--- GIVEN ENTRIES Enclosed Below ---
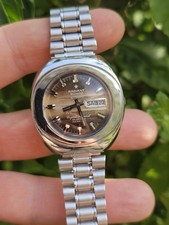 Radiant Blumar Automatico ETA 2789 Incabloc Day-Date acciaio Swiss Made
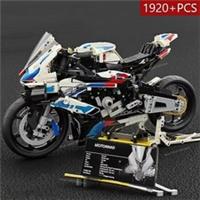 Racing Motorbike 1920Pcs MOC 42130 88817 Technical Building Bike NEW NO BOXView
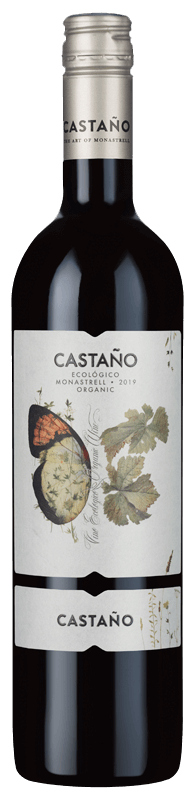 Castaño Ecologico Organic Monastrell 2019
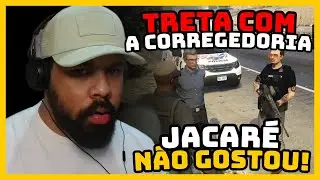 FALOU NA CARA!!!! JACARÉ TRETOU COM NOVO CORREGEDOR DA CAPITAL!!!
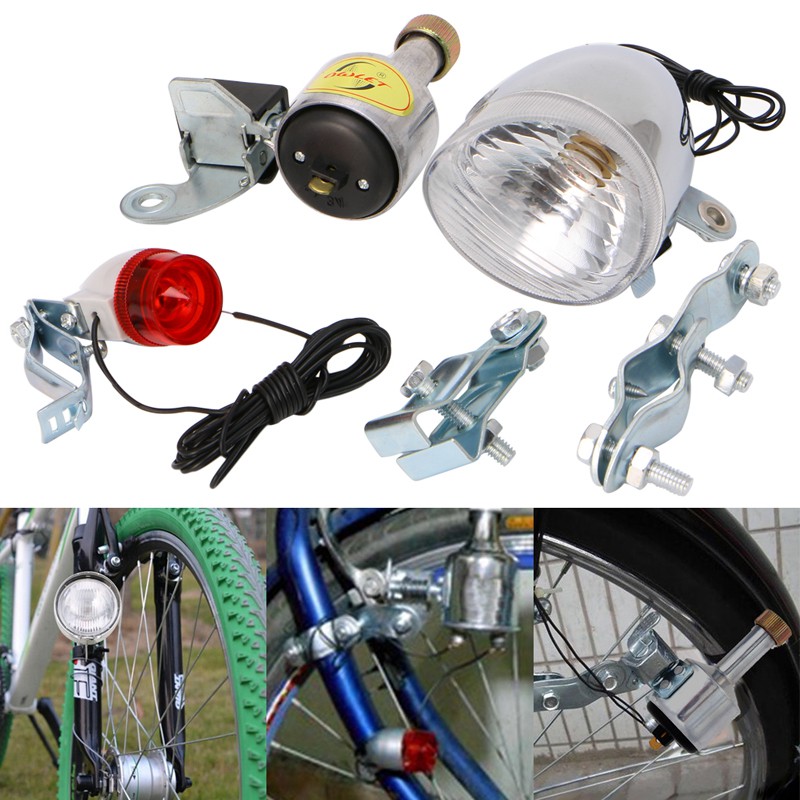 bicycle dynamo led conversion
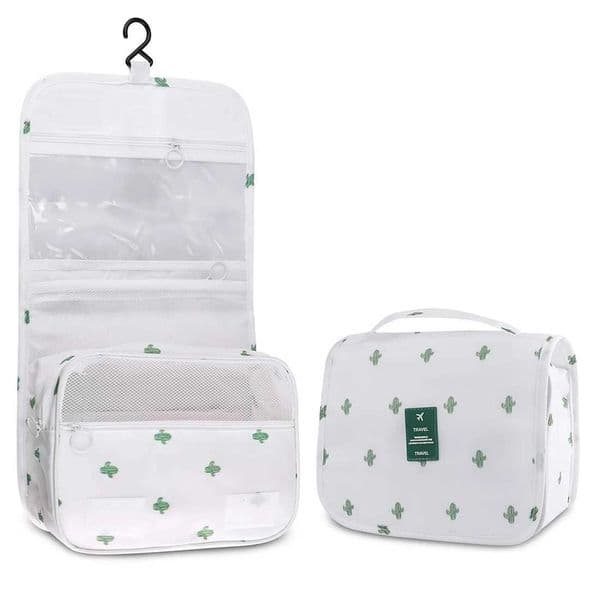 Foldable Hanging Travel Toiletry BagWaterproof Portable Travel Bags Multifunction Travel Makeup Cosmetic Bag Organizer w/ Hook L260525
--- End of Enclosed GIVEN ENTRIES ---
--- GIVEN ENTRIES Enclosed Below ---
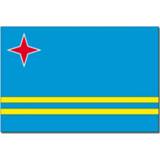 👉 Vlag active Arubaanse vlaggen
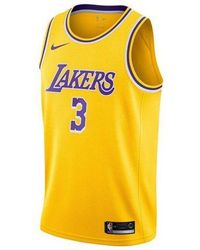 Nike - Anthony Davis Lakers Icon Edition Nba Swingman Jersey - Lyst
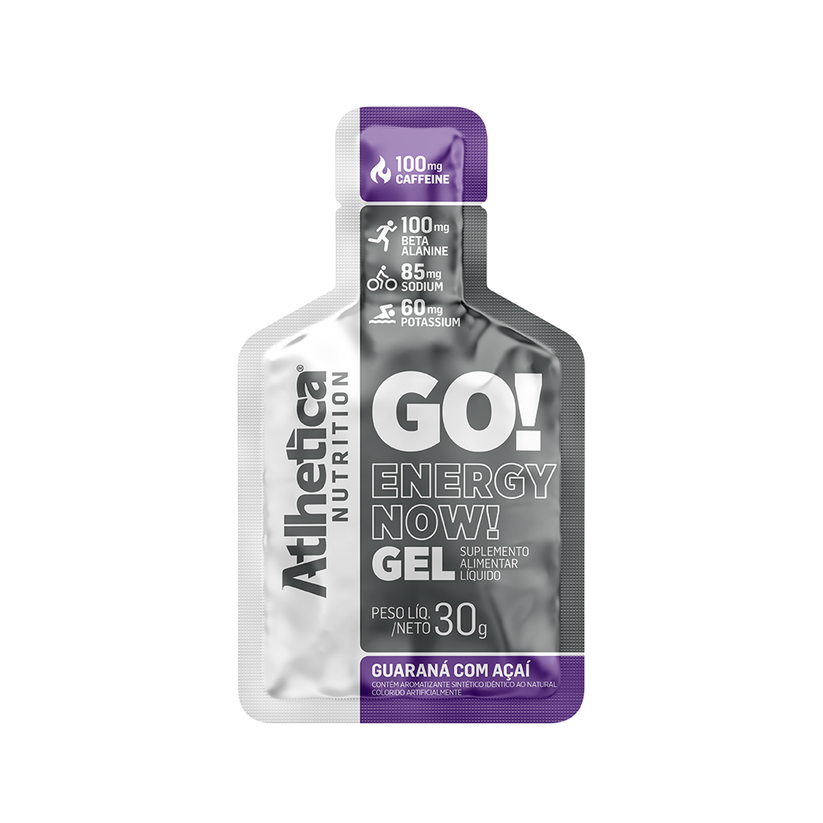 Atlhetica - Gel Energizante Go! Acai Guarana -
--- End of Enclosed GIVEN ENTRIES ---
### EXERCISE BRIEF
Starting at the line above with "Radiant Blumar Automatico", output every line exactly up to and including the line with "Foldable Hanging Travel", but none of the pictures.

### OUTPUT FOR THIS EXERCISE
 Radiant Blumar Automatico ETA 2789 Incabloc Day-Date acciaio Swiss Made
 Racing Motorbike 1920Pcs MOC 42130 88817 Technical Building Bike NEW NO BOXView
 Castaño Ecologico Organic Monastrell 2019
 FALOU NA CARA!!!! JACARÉ TRETOU COM NOVO CORREGEDOR DA CAPITAL!!!
 bicycle dynamo led conversion
 Foldable Hanging Travel Toiletry BagWaterproof Portable Travel Bags Multifunction Travel Makeup Cosmetic Bag Organizer w/ Hook L260525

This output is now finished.